Crimes committed in Colombia that are legally connected to the FARC are basically in the Special Jurisdiction for Peace (JEP) after the signing of the Peace Agreement in 2016. The JEP has jurisdiction over crimes committed within the framework and, because of the conflict, and under one condition, drug trafficking is among those, as Kenneth Burbano, Director of the Constitutional Observatory at the Free University, explains:
“The JEP can investigate, charge, and try members of the FARC who subscribed to the Final Peace Agreement for acts committed before December 1, 2016, if the acts were because of, occasioned by, or directly or indirectly related to the armed conflict. That includes the crime of drug trafficking when it was for the purpose of financing the rebellion, i.e. connected with the political crime.”
The professor also explained that if the drug trafficking was committed for the defendant’s own private benefit, it is not related to the armed conflict, and if it was committed after December 1, 2016, the ordinary criminal justice system has jurisdiction to investigate and judge it.
In addition, the amnesty law (Statute 1820 of 2016) establishes that “crimes connected with the political crime, that is, actions specifically related to the development of the rebellion and committed because of the armed conflict, such as actions intended to facilitate, support, finance, or hide the development of the rebellion, may receive amnesty.”
In that regard, the JEP has explained that drug trafficking is one of the crimes over which it can have jurisdiction, but it will always evaluate that connection, or the lack of it, case by case.
Regarding the recent announcements by the United States, the JEP states that it has no position or reaction on that precise issue, and that its positions have already been stated in decisions such as its analysis in the extradition case of “Jesús Santrich,” wanted for drug trafficking, but in which the JEP did not receive all of the evidence at the trial level. Thus it decided that he could not be extradited. The same is true of its decision to expel from its jurisdiction Santrich, Iván Márquez, and others who had left the peace process.

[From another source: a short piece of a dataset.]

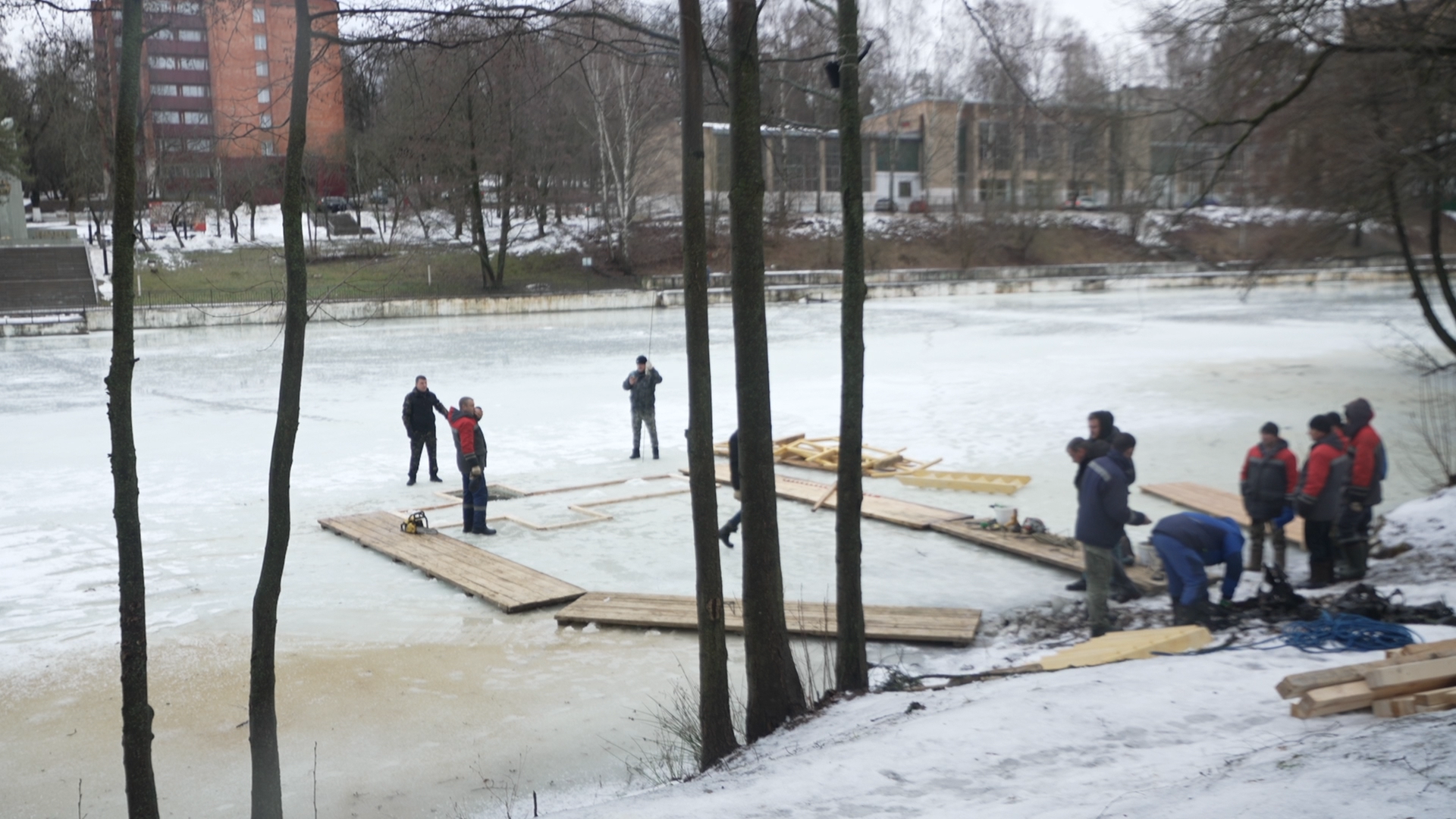 вертикалки, Власиха Крещение,Среднее озеро, Власихе крещенская иордань, обустройство купели на Крещение, Крещение во Власихе,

It’s worth remembering that, with regard to cases, right now the JEP has opened seven: 01) kidnappings by the FARC; 02) the conflict situation in Tumaco, Ricaurte, and Barbacoas (Nariño Province); 03) the false positives; 04) the violent situation in Urabá; 05) the conflict situation in several municipalities in Cauca Province; 06) regarding the victimization of the Patriotic Union Party (UP); and 07) the recruitment and use of children in the war.
In addition, as of March 20 of this year, 9,737 former guerrillas of the FARC, as well as 2,680 members of the Armed Forces, 100 agents of the government who were not part of the Armed Forces (ex-mayors, ex-senators, etc.) and 12 individuals prosecuted for social protest have signed documents stating their submission to JEP jurisdiction.